### Supplied material

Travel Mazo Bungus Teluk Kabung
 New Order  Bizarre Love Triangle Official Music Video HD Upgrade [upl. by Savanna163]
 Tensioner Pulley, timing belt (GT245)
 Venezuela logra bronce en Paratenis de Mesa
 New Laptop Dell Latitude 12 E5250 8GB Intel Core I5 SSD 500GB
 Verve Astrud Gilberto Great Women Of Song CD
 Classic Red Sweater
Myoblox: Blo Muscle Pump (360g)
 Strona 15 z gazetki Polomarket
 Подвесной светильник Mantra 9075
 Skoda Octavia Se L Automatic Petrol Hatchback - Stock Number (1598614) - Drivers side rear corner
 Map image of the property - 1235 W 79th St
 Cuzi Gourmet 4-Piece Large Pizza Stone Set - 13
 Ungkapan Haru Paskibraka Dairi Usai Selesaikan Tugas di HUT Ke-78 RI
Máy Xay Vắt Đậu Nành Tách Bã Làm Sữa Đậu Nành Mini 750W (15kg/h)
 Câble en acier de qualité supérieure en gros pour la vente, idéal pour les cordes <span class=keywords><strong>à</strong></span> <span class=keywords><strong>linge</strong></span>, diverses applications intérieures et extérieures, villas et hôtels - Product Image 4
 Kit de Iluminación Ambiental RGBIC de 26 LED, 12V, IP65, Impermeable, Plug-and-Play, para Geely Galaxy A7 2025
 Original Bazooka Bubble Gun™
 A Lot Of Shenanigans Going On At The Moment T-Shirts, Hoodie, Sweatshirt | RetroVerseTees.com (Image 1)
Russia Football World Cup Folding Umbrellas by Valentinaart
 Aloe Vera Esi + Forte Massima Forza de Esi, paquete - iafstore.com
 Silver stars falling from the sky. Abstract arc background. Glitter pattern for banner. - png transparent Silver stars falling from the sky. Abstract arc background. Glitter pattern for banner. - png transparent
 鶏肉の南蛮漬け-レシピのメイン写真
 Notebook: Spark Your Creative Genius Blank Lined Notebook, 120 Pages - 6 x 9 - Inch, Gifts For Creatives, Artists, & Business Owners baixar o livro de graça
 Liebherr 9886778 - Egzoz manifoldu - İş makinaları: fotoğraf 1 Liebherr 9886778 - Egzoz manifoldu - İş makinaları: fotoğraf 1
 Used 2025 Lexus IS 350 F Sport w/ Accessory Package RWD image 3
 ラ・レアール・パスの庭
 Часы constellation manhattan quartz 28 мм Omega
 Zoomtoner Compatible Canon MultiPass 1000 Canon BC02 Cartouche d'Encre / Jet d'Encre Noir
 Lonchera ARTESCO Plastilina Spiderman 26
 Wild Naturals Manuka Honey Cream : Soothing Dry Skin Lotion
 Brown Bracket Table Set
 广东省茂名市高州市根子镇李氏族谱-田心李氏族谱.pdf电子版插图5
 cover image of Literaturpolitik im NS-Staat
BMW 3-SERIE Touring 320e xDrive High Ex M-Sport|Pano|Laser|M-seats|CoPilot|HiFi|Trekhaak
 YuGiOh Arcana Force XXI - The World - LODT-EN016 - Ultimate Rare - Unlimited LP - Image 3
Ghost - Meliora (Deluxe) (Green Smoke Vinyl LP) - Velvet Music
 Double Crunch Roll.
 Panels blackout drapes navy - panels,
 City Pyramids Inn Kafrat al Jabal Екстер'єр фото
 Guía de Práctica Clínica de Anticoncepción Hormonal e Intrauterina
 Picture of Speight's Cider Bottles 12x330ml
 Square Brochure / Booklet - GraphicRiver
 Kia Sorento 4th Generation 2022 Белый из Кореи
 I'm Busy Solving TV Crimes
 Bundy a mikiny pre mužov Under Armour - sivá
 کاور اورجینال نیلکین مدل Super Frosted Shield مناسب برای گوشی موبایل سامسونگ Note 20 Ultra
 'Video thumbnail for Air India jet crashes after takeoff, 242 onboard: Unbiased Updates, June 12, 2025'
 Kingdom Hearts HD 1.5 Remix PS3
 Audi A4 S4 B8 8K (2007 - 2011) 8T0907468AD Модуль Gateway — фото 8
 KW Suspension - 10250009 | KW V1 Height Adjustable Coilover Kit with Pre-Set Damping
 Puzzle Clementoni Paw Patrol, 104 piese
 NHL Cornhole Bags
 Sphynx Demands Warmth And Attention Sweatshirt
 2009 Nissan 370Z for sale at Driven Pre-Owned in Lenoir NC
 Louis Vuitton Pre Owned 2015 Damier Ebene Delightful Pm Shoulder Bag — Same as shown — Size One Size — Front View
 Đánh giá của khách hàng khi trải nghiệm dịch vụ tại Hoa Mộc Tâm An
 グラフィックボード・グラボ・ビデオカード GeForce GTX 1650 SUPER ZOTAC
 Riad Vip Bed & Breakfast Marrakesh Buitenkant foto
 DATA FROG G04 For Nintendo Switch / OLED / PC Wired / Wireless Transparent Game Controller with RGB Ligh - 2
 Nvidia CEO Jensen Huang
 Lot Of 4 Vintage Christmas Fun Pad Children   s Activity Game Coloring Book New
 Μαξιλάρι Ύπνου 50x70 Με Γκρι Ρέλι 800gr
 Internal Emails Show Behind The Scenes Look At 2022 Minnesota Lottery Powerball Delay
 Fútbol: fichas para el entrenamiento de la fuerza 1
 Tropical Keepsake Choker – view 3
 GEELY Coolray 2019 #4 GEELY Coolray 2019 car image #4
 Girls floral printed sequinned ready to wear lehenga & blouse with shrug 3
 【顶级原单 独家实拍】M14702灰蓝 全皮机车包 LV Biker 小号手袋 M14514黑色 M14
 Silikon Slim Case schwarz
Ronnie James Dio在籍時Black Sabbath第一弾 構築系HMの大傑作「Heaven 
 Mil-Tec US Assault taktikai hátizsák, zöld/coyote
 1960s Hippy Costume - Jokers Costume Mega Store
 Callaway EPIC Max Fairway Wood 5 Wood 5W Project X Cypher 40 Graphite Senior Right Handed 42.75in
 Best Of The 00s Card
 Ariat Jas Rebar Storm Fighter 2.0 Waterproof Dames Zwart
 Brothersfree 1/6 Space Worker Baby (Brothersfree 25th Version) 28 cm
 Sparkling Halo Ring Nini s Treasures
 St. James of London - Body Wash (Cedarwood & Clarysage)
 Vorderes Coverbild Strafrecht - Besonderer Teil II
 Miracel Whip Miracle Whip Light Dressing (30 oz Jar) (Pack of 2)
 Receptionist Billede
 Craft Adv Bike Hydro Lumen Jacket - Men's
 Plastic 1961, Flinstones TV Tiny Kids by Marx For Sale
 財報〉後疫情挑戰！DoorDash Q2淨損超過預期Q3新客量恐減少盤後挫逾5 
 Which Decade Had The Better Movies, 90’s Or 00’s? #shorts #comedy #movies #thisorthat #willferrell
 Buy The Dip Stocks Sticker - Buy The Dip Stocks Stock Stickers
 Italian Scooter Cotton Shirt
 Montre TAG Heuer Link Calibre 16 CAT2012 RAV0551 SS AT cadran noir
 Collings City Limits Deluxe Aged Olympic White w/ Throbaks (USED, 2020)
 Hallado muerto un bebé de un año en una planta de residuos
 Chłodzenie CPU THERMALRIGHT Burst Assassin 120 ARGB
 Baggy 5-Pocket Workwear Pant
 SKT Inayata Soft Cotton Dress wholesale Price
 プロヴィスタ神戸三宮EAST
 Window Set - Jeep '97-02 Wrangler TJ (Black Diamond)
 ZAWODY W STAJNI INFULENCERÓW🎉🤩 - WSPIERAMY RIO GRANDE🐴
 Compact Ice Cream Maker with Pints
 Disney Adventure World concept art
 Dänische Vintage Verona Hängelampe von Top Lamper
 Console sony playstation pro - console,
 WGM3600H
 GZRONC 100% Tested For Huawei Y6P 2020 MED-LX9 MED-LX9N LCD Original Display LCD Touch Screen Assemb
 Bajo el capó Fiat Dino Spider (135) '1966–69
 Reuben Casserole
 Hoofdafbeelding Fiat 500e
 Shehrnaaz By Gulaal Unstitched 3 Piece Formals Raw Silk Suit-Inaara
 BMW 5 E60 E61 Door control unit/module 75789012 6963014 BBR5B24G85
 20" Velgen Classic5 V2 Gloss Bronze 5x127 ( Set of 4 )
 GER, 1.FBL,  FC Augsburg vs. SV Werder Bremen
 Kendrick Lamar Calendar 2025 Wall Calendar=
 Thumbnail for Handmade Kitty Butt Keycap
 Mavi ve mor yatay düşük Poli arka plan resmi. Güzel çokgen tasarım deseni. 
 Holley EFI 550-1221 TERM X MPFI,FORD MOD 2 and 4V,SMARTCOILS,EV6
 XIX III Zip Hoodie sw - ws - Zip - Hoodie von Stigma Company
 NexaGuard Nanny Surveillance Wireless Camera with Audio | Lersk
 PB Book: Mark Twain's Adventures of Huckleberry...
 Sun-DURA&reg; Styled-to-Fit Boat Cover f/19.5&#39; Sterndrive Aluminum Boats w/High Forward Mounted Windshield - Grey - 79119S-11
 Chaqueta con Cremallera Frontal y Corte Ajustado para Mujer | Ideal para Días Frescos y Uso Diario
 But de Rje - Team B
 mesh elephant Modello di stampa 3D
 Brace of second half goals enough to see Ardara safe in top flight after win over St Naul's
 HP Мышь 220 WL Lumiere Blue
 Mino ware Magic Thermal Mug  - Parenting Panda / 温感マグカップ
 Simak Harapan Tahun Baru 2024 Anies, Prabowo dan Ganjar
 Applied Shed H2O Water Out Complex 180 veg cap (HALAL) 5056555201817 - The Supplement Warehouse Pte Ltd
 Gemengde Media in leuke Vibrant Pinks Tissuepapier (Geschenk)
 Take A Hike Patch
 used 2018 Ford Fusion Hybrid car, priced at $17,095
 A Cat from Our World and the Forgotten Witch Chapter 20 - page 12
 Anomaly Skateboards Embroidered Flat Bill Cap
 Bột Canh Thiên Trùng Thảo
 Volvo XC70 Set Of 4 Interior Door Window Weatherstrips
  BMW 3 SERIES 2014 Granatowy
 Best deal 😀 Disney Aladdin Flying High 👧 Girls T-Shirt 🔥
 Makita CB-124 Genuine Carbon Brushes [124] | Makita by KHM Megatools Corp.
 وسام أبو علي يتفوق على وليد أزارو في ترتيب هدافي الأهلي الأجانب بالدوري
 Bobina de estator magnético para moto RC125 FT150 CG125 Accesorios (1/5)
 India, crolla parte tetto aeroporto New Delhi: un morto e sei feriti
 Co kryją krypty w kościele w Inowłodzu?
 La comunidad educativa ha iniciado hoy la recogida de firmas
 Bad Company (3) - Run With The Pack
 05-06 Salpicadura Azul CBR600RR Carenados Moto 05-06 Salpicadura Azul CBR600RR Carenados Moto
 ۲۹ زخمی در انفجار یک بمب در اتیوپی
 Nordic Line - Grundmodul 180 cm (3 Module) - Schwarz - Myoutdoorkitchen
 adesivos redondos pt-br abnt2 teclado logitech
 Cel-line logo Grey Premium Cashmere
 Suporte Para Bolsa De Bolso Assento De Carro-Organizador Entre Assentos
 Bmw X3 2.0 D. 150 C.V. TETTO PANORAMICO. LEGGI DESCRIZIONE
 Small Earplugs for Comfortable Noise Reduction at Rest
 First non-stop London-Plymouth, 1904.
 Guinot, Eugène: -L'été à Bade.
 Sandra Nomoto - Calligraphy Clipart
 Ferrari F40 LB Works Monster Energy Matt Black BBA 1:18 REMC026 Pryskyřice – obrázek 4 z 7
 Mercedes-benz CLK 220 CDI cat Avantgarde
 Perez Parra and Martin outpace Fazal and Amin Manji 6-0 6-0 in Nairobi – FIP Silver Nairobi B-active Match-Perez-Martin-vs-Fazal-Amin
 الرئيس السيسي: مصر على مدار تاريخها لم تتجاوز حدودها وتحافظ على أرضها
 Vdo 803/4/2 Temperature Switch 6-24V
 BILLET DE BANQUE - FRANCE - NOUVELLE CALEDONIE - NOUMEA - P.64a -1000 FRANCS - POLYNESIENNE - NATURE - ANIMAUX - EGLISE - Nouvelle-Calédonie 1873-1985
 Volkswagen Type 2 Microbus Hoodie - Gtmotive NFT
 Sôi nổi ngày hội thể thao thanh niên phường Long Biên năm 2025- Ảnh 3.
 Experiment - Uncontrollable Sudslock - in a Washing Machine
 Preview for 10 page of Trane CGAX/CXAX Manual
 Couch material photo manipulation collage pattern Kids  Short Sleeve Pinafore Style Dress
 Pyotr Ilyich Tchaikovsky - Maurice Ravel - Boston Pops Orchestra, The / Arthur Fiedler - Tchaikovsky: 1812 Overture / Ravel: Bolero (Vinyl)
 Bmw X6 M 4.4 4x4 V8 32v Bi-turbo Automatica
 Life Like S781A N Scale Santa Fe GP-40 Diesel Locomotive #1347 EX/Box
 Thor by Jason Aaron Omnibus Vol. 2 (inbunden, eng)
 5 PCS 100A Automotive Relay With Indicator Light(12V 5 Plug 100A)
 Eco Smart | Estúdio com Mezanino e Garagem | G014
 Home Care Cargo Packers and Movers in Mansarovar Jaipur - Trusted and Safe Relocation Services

### Assignment
Starting with the line above that holds "BMW 5 E60 E61" and stopping with the line that holds "NexaGuard Nanny Surveillance", reproduce each line exactly, omitting all other lines.

### Task result
 BMW 5 E60 E61 Door control unit/module 75789012 6963014 BBR5B24G85
 20" Velgen Classic5 V2 Gloss Bronze 5x127 ( Set of 4 )
 GER, 1.FBL,  FC Augsburg vs. SV Werder Bremen
 Kendrick Lamar Calendar 2025 Wall Calendar=
 Thumbnail for Handmade Kitty Butt Keycap
 Mavi ve mor yatay düşük Poli arka plan resmi. Güzel çokgen tasarım deseni. 
 Holley EFI 550-1221 TERM X MPFI,FORD MOD 2 and 4V,SMARTCOILS,EV6
 XIX III Zip Hoodie sw - ws - Zip - Hoodie von Stigma Company
 NexaGuard Nanny Surveillance Wireless Camera with Audio | Lersk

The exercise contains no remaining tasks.